- Education: University of Cambridge Birkbeck, University of London
- Scientific career
- Workplaces: University of Oxford Imperial College London Diamond Light Source

= Elisabeth P. Carpenter =

British biologist

Elisabeth P. Carpenter is a British structural biologist who is a professor at the Nuffield Department of Medicine in Oxford. She solved the three-dimensional structure of human membrane proteins using X-ray crystallography. Carpenter uses X-ray crystallography to understand the atomic positions within proteins.

== Early life and education ==
Carpenter studied biochemistry at the University of Cambridge from 1981 to 1985. She moved to Birkbeck, University of London for doctoral research from 1985 to 1989, where she studied biochemistry and crystallography. After completing her doctorate, Carpenter moved to the National Institute for Health Research, which was based at Imperial College London and solved the structures of proteins involved in DNA repair.
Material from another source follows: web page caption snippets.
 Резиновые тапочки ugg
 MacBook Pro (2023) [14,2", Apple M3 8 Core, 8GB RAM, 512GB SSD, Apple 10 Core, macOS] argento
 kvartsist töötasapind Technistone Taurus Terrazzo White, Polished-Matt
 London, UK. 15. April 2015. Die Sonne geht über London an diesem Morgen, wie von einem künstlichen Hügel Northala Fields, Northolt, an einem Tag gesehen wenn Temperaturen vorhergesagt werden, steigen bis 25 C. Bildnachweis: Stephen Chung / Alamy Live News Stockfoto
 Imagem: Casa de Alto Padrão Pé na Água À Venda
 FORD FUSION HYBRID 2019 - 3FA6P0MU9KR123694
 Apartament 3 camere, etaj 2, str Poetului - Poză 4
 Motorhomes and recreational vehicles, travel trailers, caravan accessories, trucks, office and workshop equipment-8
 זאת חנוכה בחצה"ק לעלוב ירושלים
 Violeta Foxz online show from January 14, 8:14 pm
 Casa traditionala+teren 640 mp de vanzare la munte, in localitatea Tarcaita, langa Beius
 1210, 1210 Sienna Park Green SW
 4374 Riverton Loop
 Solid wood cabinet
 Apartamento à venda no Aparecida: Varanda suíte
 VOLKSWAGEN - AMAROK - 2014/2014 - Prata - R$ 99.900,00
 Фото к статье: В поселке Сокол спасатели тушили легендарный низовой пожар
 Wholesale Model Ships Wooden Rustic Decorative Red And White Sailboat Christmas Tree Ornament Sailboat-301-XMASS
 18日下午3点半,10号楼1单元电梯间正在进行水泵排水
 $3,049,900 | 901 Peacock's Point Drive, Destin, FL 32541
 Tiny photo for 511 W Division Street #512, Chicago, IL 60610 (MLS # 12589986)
She also investigated toxoplasmosis and muste movement.

== Career ==
She established the Membrane Protein Laboratory at the Diamond Light Source in 2008. Subsequently, from 2009 to 2020, she worked at the Structural Genomics Consortium at the University of Oxford with a focus on human membrane proteins.

== Research ==
Carpenter is interested in understanding the structure and function of proteins. She studies proteins embedded within cell membranes. The proteins are large hydrophobic surfaces, and understanding their structure is an important step in unravelling the processes of molecules and signals across cell membranes.

Carpenter was the first to describe the structure of the human ABC-transporter ABC10, a mitrochonridal protein that is important in the production of heme. She has studied premature ageing syndromes that are caused by failure of the lamin proteins, and the role of the metalloprotease ZMPSTE24. She has also studied human two-pore potassium channels (K2Ps), protein that gives rise to the background leak current that contributes to membrane potential.